**TASK OBJECTIVE:** Transcribe word for word each line from the one containing "シンプルScript Buon Nataleファミリーフォトホリデー" to the final line of the data, both included. Skip the pictures.

**DATA EXTRACT:**
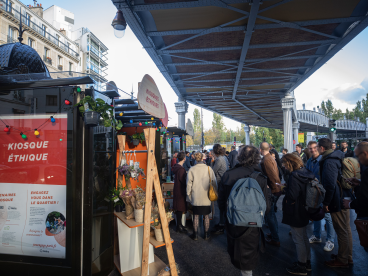 inauguration_Kiosques_ethiques_foule2_credit_les_canaux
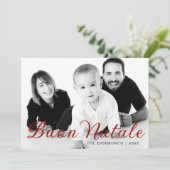シンプルScript Buon Nataleファミリーフォトホリデー シーズンカード (スタンド正面)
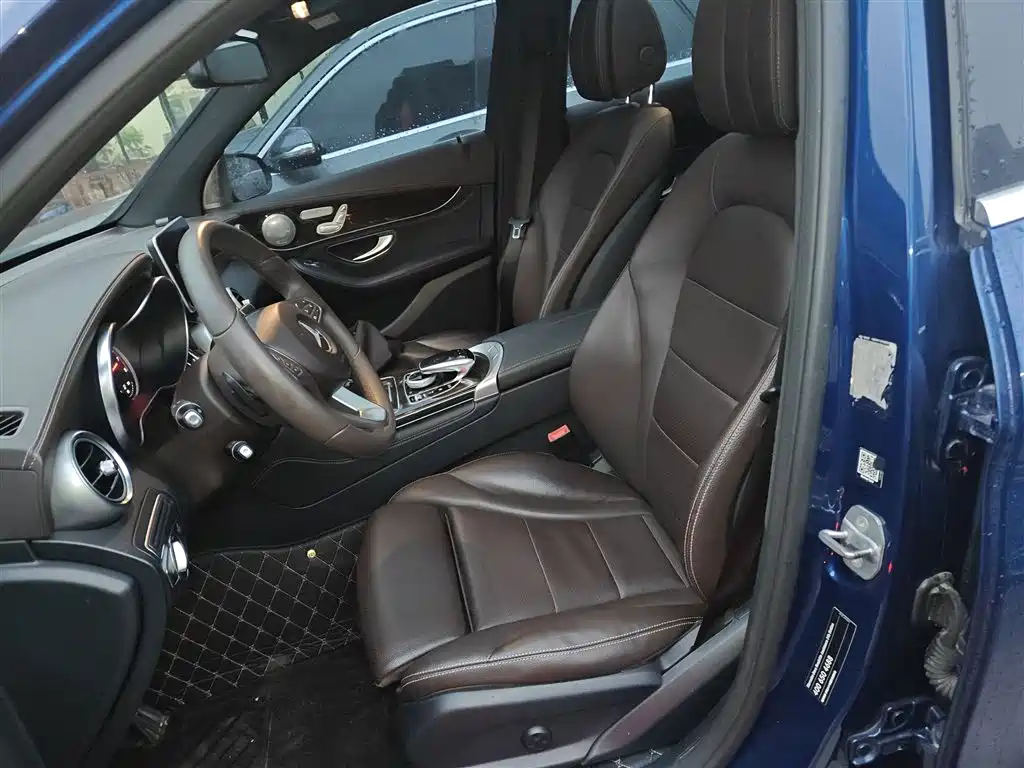 Mercedes-Benz GLC 2017 GLC 260 4MATIC Dynamic фото 11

**WORKED SOLUTION:**
シンプルScript Buon Nataleファミリーフォトホリデー シーズンカード (スタンド正面)
 Mercedes-Benz GLC 2017 GLC 260 4MATIC Dynamic фото 11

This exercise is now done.